* Task *
Copy the lines below exactly, starting at the one with "Outdoor Halloween decoration" and ending at the one with "Setup Living Room", and leave out any picture.

* Stored data *
* * * *
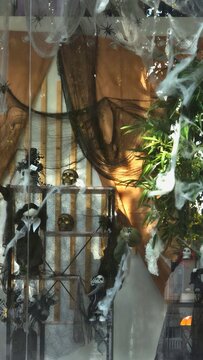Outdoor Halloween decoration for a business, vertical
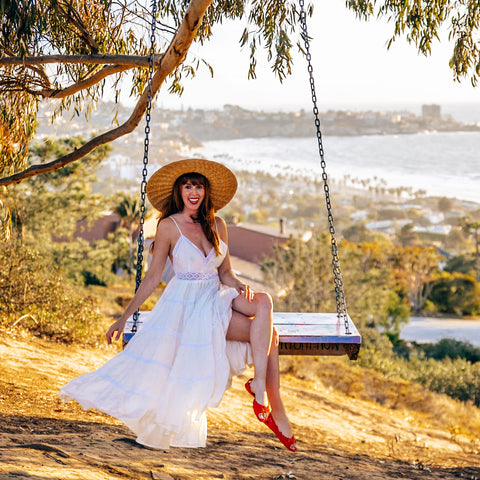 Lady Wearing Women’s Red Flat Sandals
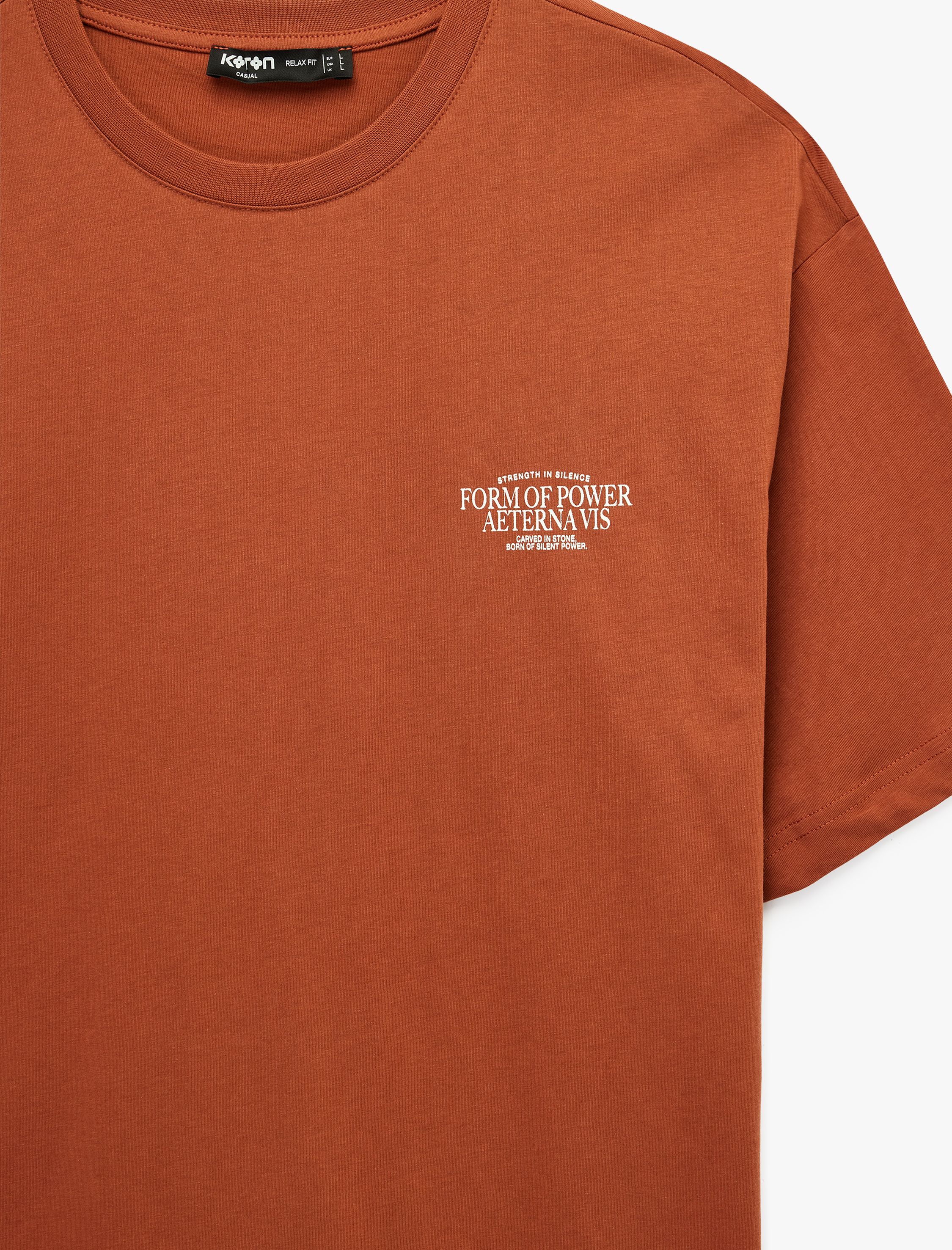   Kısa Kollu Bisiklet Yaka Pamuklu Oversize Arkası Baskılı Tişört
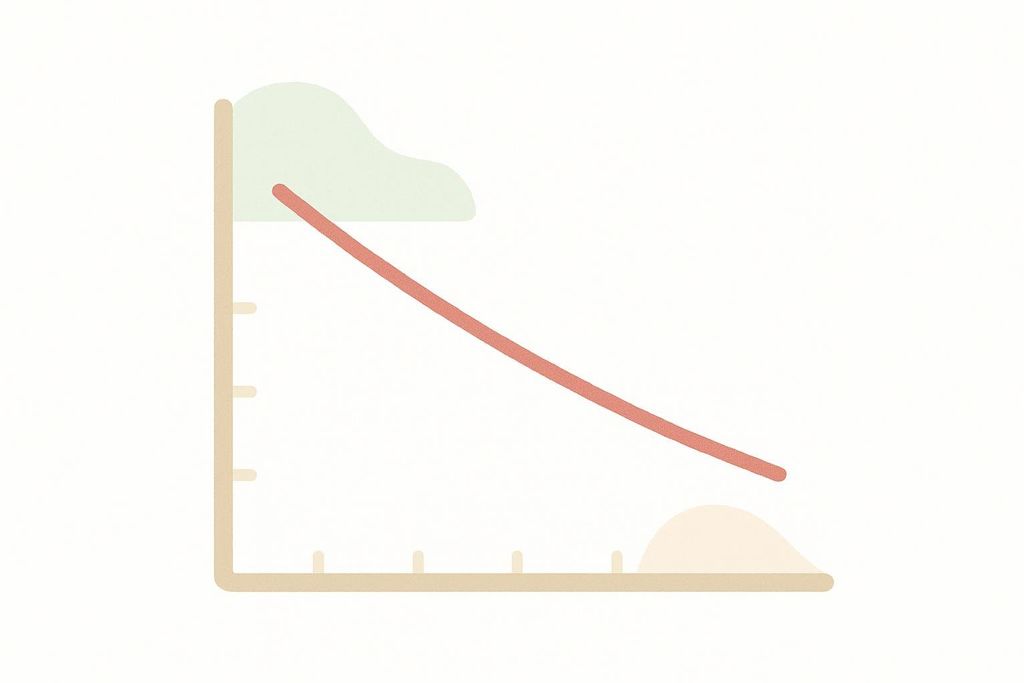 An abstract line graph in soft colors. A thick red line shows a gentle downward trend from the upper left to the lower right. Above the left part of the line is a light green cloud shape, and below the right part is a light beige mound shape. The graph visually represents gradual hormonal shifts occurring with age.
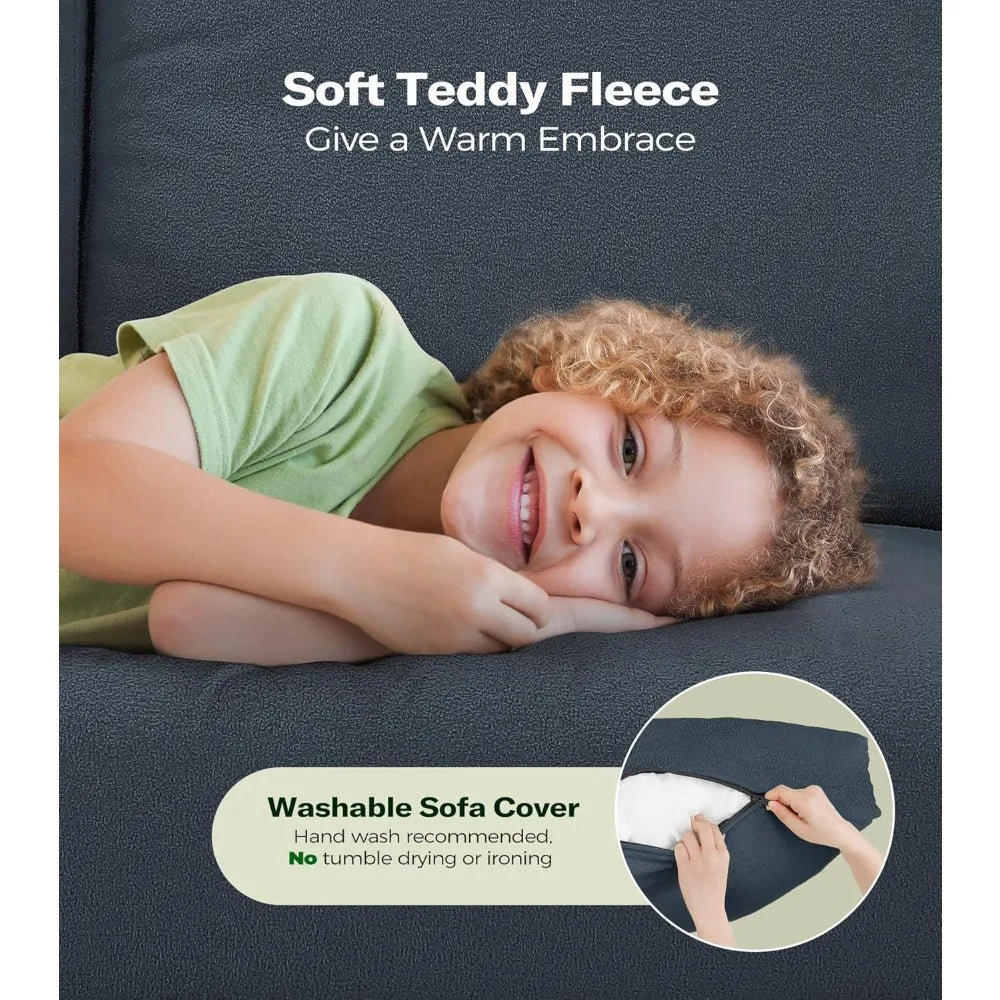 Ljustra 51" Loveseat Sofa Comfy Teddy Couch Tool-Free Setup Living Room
* * * *
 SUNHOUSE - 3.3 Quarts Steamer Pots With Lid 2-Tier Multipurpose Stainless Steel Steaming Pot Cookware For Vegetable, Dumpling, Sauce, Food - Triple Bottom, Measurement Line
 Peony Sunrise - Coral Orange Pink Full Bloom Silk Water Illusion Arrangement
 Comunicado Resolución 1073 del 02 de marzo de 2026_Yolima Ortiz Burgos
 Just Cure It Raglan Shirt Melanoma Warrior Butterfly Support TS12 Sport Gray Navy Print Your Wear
* * * *
* Written response *
Outdoor Halloween decoration for a business, vertical
 Lady Wearing Women’s Red Flat Sandals
   Kısa Kollu Bisiklet Yaka Pamuklu Oversize Arkası Baskılı Tişört
 An abstract line graph in soft colors. A thick red line shows a gentle downward trend from the upper left to the lower right. Above the left part of the line is a light green cloud shape, and below the right part is a light beige mound shape. The graph visually represents gradual hormonal shifts occurring with age.
 Ljustra 51" Loveseat Sofa Comfy Teddy Couch Tool-Free Setup Living Room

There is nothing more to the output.